De la basilique Saint-Vincent wisigothe subsistent encore quelques vestiges d'une mosaïque...

Cette mosquée est tellement grande qu'on ne sait pas par quel bout continuer la visite. Pour moi, ce sera le long chapelet de chapelles aménagées dans les murs. Fresques, tableaux, trésors, sépultures, il y en a pour tous les goûts ! A ne pas manquer la chapelle baroque du cardinal Salazar en marbre noir et blanc, à gauche du mihrab.
Sur la droite du mihrab, dans la partie ouest de la mezquita, on trouve également quelques vitrines renfermant les vestiges attestant la présence d'un lieu de culte wisigogh précédant l'édification de la mosquée.
Je tourne toujours autour de la cathédrale. Toujours l'histoire du dessert qu'on laisse pour la fin... Voici enfin le massura et le mihrab***, sommet de l'art baroque arabe., oeuvre d'Al Hakam II : moulures, mosaïques bysantines, arabesques et inscriptions coufiques mêlées dans une incroyable harmonie. Coeur de la mosquée, la macsura est située devant le mihrab qui indique la direction de la Mecque. Seul le calife et sa cour y avaient accès. L'imam y donnait le signe de la fin de la prière. Mais impossible d'aller plus loin. Une barrière empêche de vien voir la coupole extraordinaire qui le surplombe, de style bysantin et offerte à l'émir au Xe s. Des milliers de petits carreaux d'or, de cristal et de céramiques sont incrustés dans le marbre. Tout autour du mihrab court une magnifique frise or et bleu qui donne les 99 noms d'Allah. De chaque côté du mihrab se dresse un arbre de vie en albâtre, symbole de l'éternité...
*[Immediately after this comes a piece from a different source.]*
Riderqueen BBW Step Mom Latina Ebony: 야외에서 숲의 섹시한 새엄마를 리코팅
En revenant sur ses pas, on pénètre enfin dans la cathédrale. "Une hérésie", de l'aveu même de Charles Quint lorsqu'il constata les dégâts fait sur ce joyau de l'architecture arabe... Mais qu'importe, on peut quand même saluer l'intelligence du travail de l'architecte qui parvint à conserver la nef axiale de la mosquée sans que la chapelle, pourtant au centre et en forme de croix latine, ne cache jamais le mihrab. Mieux en s'approchant de la cathédrale, les arcs sont surmontés d'une frise assurant le passage en douceur d'une architecture à l'autre. Le Christ prend même toute sa place... sous une magnifique arabesque ! Un chevet surmonté d'un pape bienfateur assure encore la transition d'un monument à l'autre. Les voûtes se chargent de nervures sublimes et plongent sur les arches de pierre arabes qui les soutiennent. Tout simplement inouï. En avançant vers la nef, des colonnes grecques accompagnent le pénitent que je suis. Magique.
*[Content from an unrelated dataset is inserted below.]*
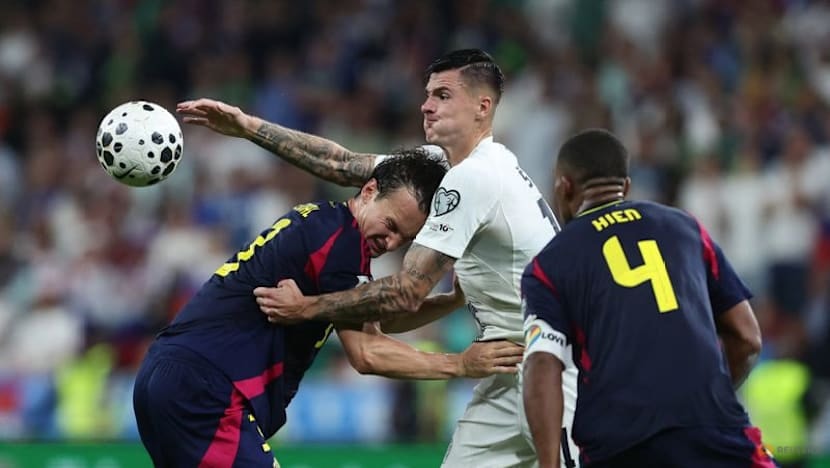 Màn so tài Thụy Điển vs Slovenia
Direction la cathédrale***. Elle s'élève dans l'extention d'Abd Al-Rahman II. Entamée en 1523... Il a quand même fallu 243 ans pour la mener à bien ! Du coup, tous les styles se mélangent : gothique tardif, Renaissance et baroque. Plafonds éblouissants. Coupole Renaissance d'une élégance inouïe. Coup de chance, un organiste donne une leçon de musique à un groupe d'enfants. Toccata. Bach. Le son des deux orgues est d'une grande pureté. Bois d'acajou venu tout droit de Cuba.